BERLIN (Reuters) - Volkswagen (VOWG_p.DE) is making slow progress in cutting costs at its core passenger car brand, where profit continued to fall last year due to weaker emerging markets and technology costs.
Europe’s largest automaker is aiming for 5 billion euros ($5.3 billion) of savings a year at its namesake VW brand by 2017 to close a profitability gap with rivals such as Toyota.
Group Chief Executive Martin Winterkorn said on Thursday cost cutting, including ceasing unprofitable models and reducing expensive equipment, might boost the brand’s 2015 results by “well over 1 billion” euros.
That’s only about a fifth of the target, and added to some analysts’ doubts about the plan, even though works council chief Bernd Osterloh told Reuters in January that VW should manage savings of “substantially more” than 5 billion.
“Scepticism about such cost-cut plans is justified,” said Bankhaus Metzler analyst Juergen Pieper, who recently lowered his recommendation on VW stock from buy to hold. “I expect the savings to be smaller (than the targeted 1 billion this year); ultimately it’s very difficult to verify the savings.”
VW shares were down 0.6 percent to 240.8 euros by 9.30 a.m. EDT.

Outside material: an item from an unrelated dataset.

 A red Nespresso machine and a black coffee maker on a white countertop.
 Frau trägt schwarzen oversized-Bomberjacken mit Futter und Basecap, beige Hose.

Winterkorn said the VW division, the group’s largest by unit sales and revenue, had identified steps to achieve about half of the 5 billion target, without elaborating.
Some measures won’t bear fruit until 2016 or 2017, such as assembling the new long-wheelbase Tiguan SUV in Mexico which will protect VW from swings in the dollar and terminating models such as the Eos convertible, the company said.
“We are steadily adding (cost-cutting) themes,” finance chief Hans Dieter Poetsch said at the group’s annual press conference. “We’re confident but the whole matter can only succeed with hard work.”
After posting forecast-beating 2014 results last month, driven by demand for upmarket Audis and Porsches, the group gave details on Thursday about individual brands.
Earnings at the VW division, which makes the Golf hatchback and Passat saloon, dropped 14 percent to 2.48 billion euros, after plunging by a fifth in 2013, hit by tumbling demand in Russia and Brazil.
Its operating margin slipped to 2.5 percent, far below a long-term target of at least 6 percent.
Separately, the group’s new trucks chief said it would need to enter the U.S. market to become a global force in that business.
The group also said Winterkorn earned 15.9 million euros last year in salary, bonus and profit incentives, up from 15 million in 2013. That’s more than any other chief executive among Germany’s top 30 companies listed on the DAX index.